Oldum olası gençlikten beri balık dutmayı severik. Bizim köyün edrafı da
mübarek ırmak, gölet dolu, buralarda balıkçı olmaacanda ne olcan. Kara avı
yapacak halımız yoh, hemide ırabbımız, balık avısını mubah, kara avısınıda
yassah etmiş zannımca hemşehrim. Tuttuğun balığı görmüyon ki gardaşım, o da
seni görmüyo deel mi?
Bahar gelmiş, köyün İhtiyar Heyeti'sinin, en ihtiyarı Müslüm Emmi, türkü
çığırıyor gaavede''Nisan mayıs ayları, gevşer gönül yayları, çayır çimen bekliyor,
bayanlarla bayları''Heyetin gaavenin öbür ihtiyarlarıda, arada algış dutuyo
Müslüm Emmi'ye; Emmi'nin de geyfine diyecek yok, güp şeker gibi dört köşe
anasını satayım...
Gaaveye bir hışımınan girdim. İhtiyarlar beni bek bi sevee, emme seveede belli
etmezler. Lapogilin Aaamet derler baa lapo bizim lagap, öyle gelmiş öyle
gidiveriyo işte. Ne dimekse? Kimi deyo ''Güçlü guvvetli''demek. Kimi deyo''Ööle
deel bulaşkan'' demek. Ben de bilmeyon ne demek. Sorana da ''Sen ne gada
bileyon ben de o gada''diyom...
Gençlerden argadaşlar, okey mokey oynayo gaavede''Galgın len dedim balığa
gedeyoz, bur da pinekleecenize sitiresimizi atalım oolum''. Hepisi argadaşım.

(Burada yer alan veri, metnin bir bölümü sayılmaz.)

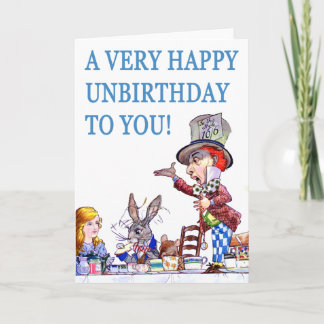 Een heel gelukkige verjaardag voor jou! kaart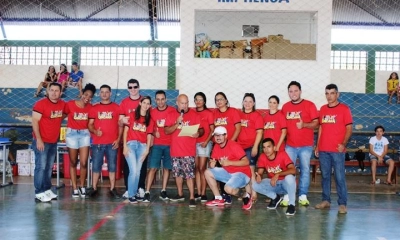 GINCANA MATUPÁ 29 ANOS - PARTE III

Bizim Hesebeselerin Osman, Coruların Murat lan oğlu Tolga, Karaların Muzaffer
hemen zıpladılar''Abi sen ne dedinde biz hayır dedik, gökten ne yağdıda yer
gabul etmedi''. Sözleştik sabahın beşinde, köyümüzün on kilometre yakınında ki
ırmağa gideceyik. Saatlerimizi gurduk ahşamdan. Sezonu yarın açıyooz, bir
helecan bir helecan, yürekler kelebek misali sorma gitsin...
Gece hanıma dedim''Ben ayrı yatayon, sabah erken kalkçez, seni
uyandırmayam''İsterse itiraz etsin. Sabahınan sözleştiğimiz gibi kalktık.
Havada bir soğuk bir soğuk ki, sanırsın gutuplarda ayran içeyoz, o derece.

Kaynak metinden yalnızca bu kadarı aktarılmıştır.